DATA IN THIS EXERCISE:
-- Opening Marker --

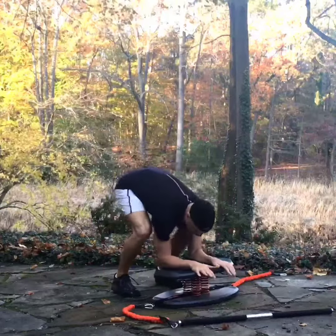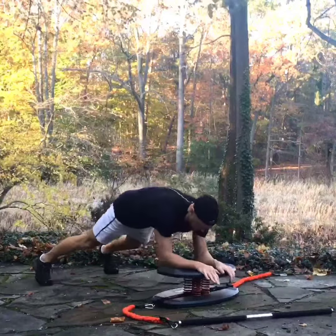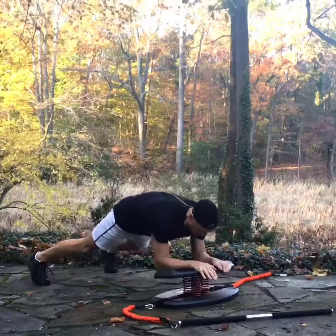The rocking plank press with the StrongBoard Balance Board. In an elbow plank position on top of the board with wide feet, drop the elbows down and then drive the hands forward into the opposite end of the board.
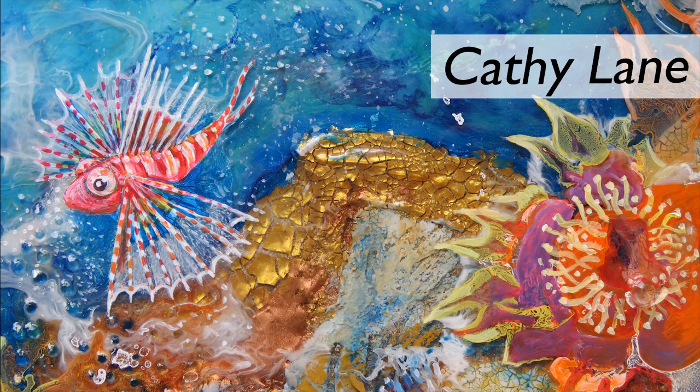Hi everybody, welcome to a new video of one of my latest work. This is called Swell on the Reef.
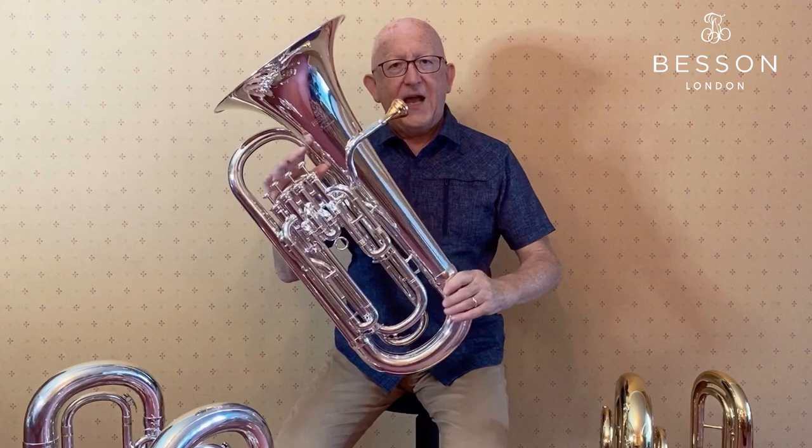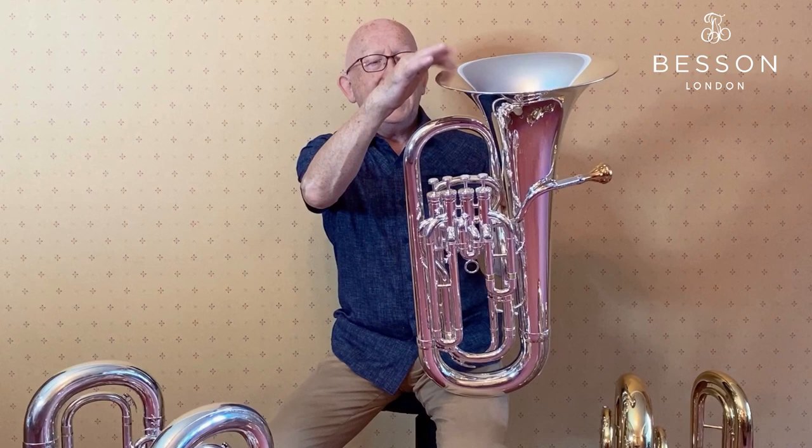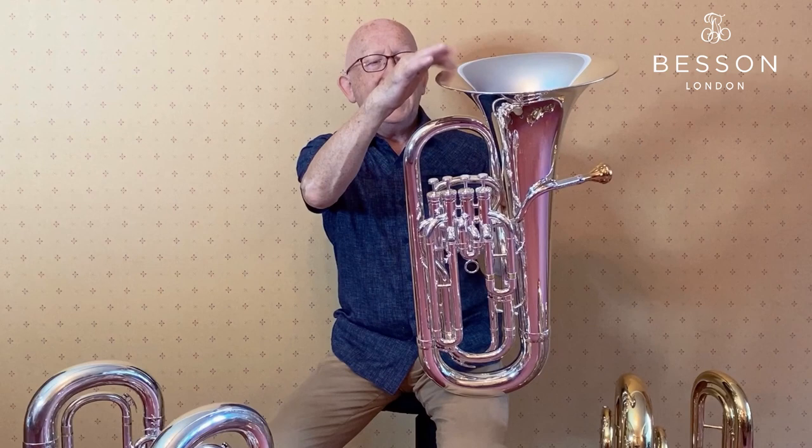Here we have another very light, resonant instrument — absolutely beautiful to the eye and of course it has that great sound. They're made so well with such precision and resonant metal that whatever model you get from this range, you're going to be really thrilled with the sound. This is the BE 164.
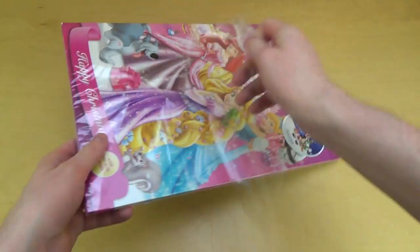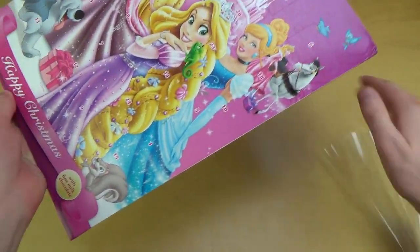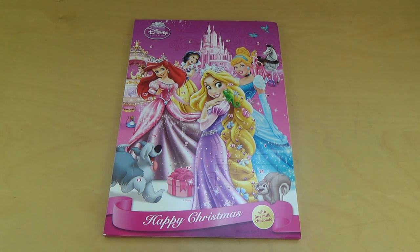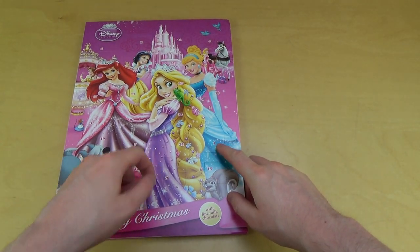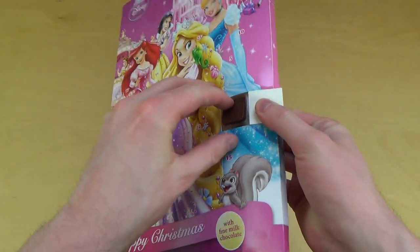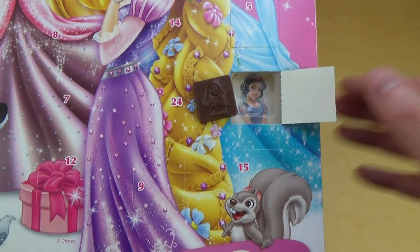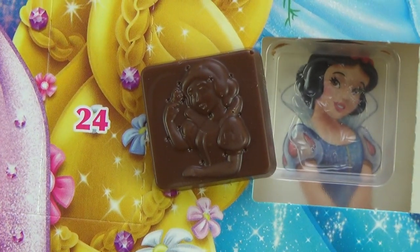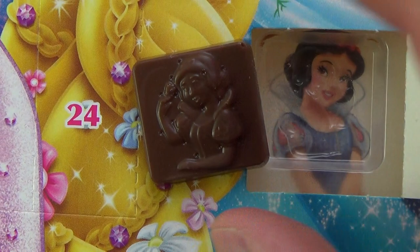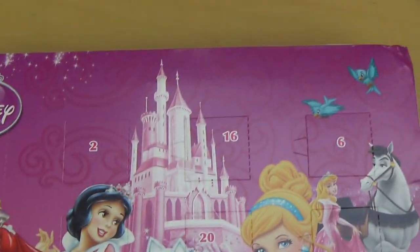Now it's all about the artwork they used on the inside and the shapes on the chocolate. Let's open the first door — door number one. There's a chocolate inside with Snow White on the background image, and also Snow White on the chocolate itself. I'm just wondering what the dots mean, but anyway I'll continue opening some doors — maybe door six, since six is St. Nicholas, maybe something special.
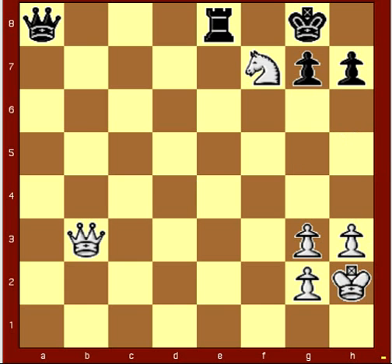The first move is a double check by jumping the knight to h6. We've got a revealed check here with the queen, and we've got an attack here with the knight.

-- Closing Marker --

WORK INSTRUCTIONS: Output the full material exactly as given, without its pictures.

ANSWER SPACE:
The rocking plank press with the StrongBoard Balance Board. In an elbow plank position on top of the board with wide feet, drop the elbows down and then drive the hands forward into the opposite end of the board.
Hi everybody, welcome to a new video of one of my latest work. This is called Swell on the Reef.
Here we have another very light, resonant instrument — absolutely beautiful to the eye and of course it has that great sound. They're made so well with such precision and resonant metal that whatever model you get from this range, you're going to be really thrilled with the sound. This is the BE 164.
Now it's all about the artwork they used on the inside and the shapes on the chocolate. Let's open the first door — door number one. There's a chocolate inside with Snow White on the background image, and also Snow White on the chocolate itself. I'm just wondering what the dots mean, but anyway I'll continue opening some doors — maybe door six, since six is St. Nicholas, maybe something special.
The first move is a double check by jumping the knight to h6. We've got a revealed check here with the queen, and we've got an attack here with the knight.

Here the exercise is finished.